Navigation

Update on February 2014 Activities

March 14, 2014 Syndicate content

[Download PDF]

Top News


Executive Director Search

We are very pleased to announce the appointment of Mike Furlough as the Executive Director of HathiTrust. Mike will begin as Executive Director on May 19. The full announcement can be read at http://www.hathitrust.org/mike_furlough_executive_director.

11 Million Volumes

HathiTrust reached a new milestone, surpassing 11 million volumes in the digital repository. A history of HathiTrust’s road to the first 10 million volumes is available on the HathiTrust blog.

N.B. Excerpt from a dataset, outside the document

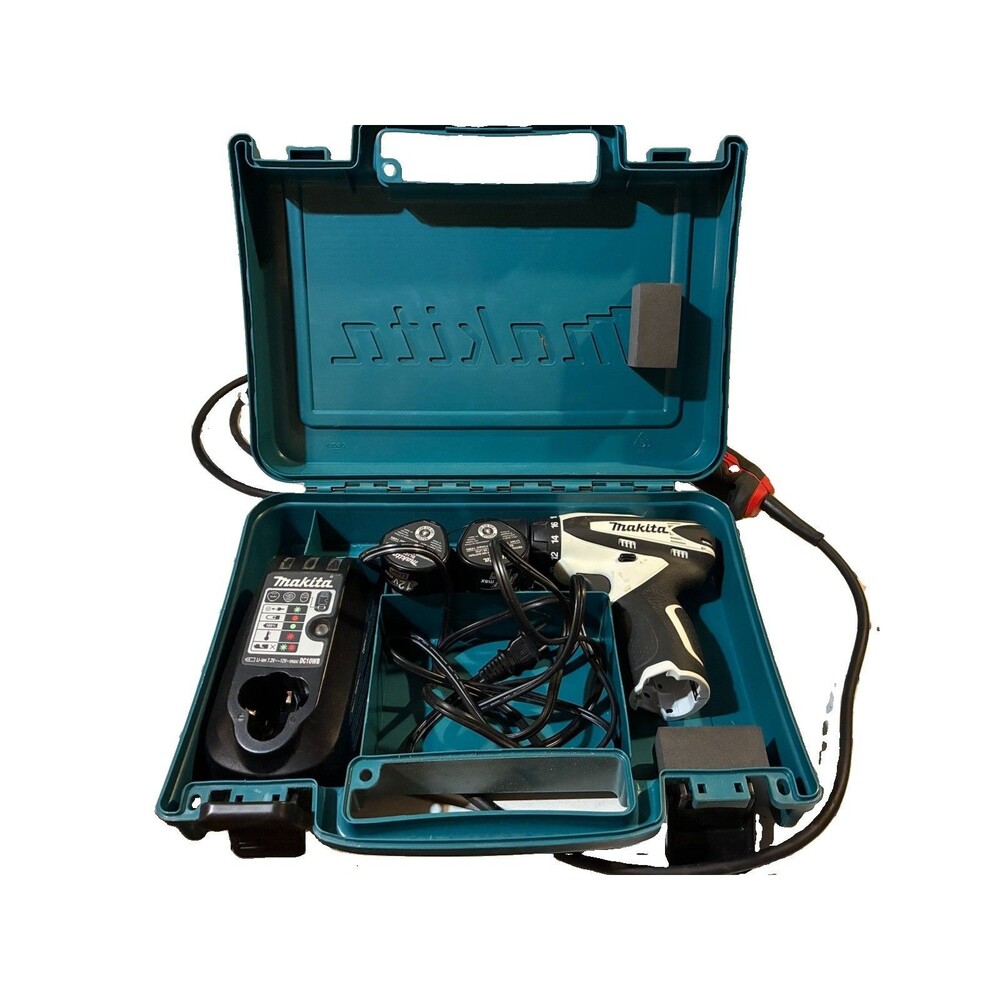 Makita DF010D 10.8V Li-Ion Drill/Driver Kit 2x BL1014 DC10WB Case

Updated HathiTrust Volume Identifiers

HathiTrust has made a one-time, batch change to a set of approximately 320,000 volume identifiers. These volumes were ingested with an incorrect identifier due to a vendor issue. The change involves adding a $ symbol to affected identifiers.  A full list of the updated identifiers is available at http://www.hathitrust.org/hathifiles. Any institutions or individuals that save links to HathiTrust volumes locally should update these identifiers to ensure working links. Please contact feedback@issues.hathitrust.org with any issues or questions.

Ingest


Locally-Digitized

HathiTrust ingested new content from the Universidad Complutense de Madrid, received content from the University of Delaware, and communicated with Emory University, University of Chicago, and University of Washington about submission of locally-digitized content.

Internet Archive-digitized

HathiTrust ingested new content from the University of Massachusetts, Amherst, and continued conversations about ingest with the University of Alberta.

Zephir

California Digital Library (CDL) loaded 71,778 new or updated bibliographic records from partners into Zephir. Information about bibliographic metadata submission is available at http://www.hathitrust.org/bib_data_submission.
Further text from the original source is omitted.